A característica particular do novo coronavírus é que ele é extremamente infeccioso. De alguma forma, isso serve de alerta para o mundo. Porque, à exceção para os idosos, o Sars-CoV-2 é apenas moderadamente perigoso. É óbvio que se trata de um vírus perigoso, capaz de matar pessoas de diferentes idades. Mas a taxa de letalidade parece baixa, à exceção das pessoas que façam parte de grupos de risco e dos idosos. A priori, não existe nenhuma razão absoluta para isso, mas os vírus causadores da Sars (Síndrome Aguda Respiratória Severa) ou da Mers (Síndrome Respiratória do Oriente Médio) são muito mais perigosos em termos de taxa de letalidade. O problema de o novo coronavírus ser tão infeccioso é algo bom, por não se mostrar tão perigoso quanto a Sars ou a Mers.
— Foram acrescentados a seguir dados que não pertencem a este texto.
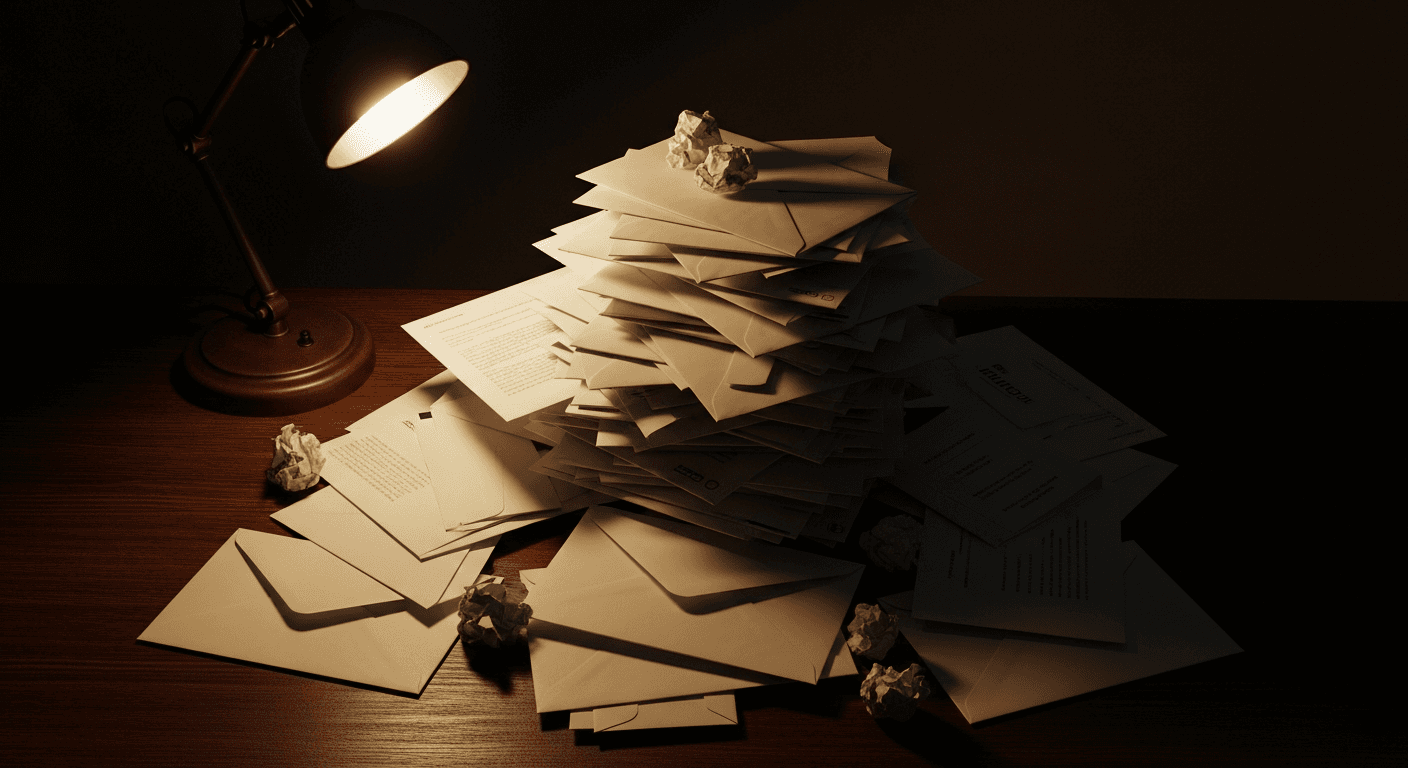 Pile of rejection letters
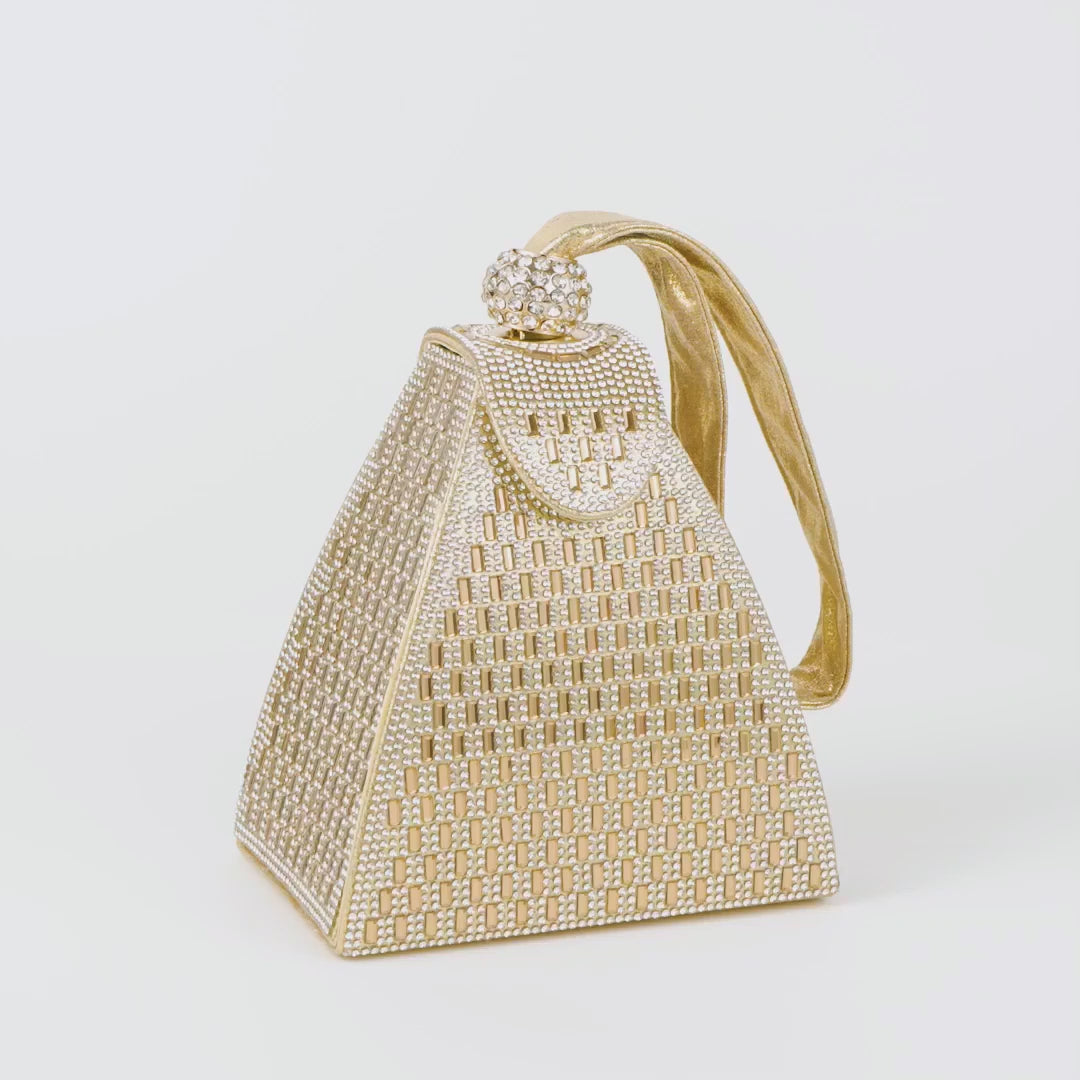 Hebron | goldene Kristall Pyramid Clutch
Como o senhor imagina que será o chamado “novo normal” pós-pandemia?

Acredito que o comportamento humano desequilibrado tende a desaparecer. Não acredito que viajaremos tão fácil e frequentemente quanto costumávamos fazer. Vejo que a comunicação de longa distância é bem efetiva, sem a necessidade de viajar. Também suspeito de que precisaremos revisar o planejamento de nossas cidades, capacitando mais o transporte a pé ou de bicicleta, a fim de reduzir a pressão sobre o metrô e os ônibus superlotados. Suspeito, ainda, de que muitas pessoas perceberão que podem trabalhar de suas próprias casas. A presença das pessoas em seus locais de trabalho será reduzida. Alguns vírus em particular e outros agentes infecciosos sempre representarão uma ameaça aos seres humanos, principalmente em aglomerações e durante viagens. Acho que veremos uma reorientação das pesquisas médicas em relação à ameaça representada pelos vírus. Em ocasiões futuras, estaremos um pouco mais preparados para controlar epidemias. Está claro que os passos tomados em Hong Kong — que enfrentou a epidemia de Sars — foram notáveis, mostrando o que pode e o que não pode ser feito. Eles serviram de exemplo a países para saberem como podem ser tão eficientes em mecanismos de controle de infecção.

O mundo precisará aprender a lidar com o novo coronavírus ou conseguirá eliminá-lo?

A extinção é algo que se provou extremamente difícil para uma quantidade de vírus, mesmo quando existe uma vacina eficiente. Não tem sido possível livrar o mundo desses vírus, apesar de boas vacinas. A resposta é a incerteza. Não há garantias. No entanto, vimos que o vírus causador da Sars, muito menos infeccioso, desapareceu. Eu temo que precisemos nos preparar para a ameaça contínua representada pelo novo coronavírus em um futuro previsível.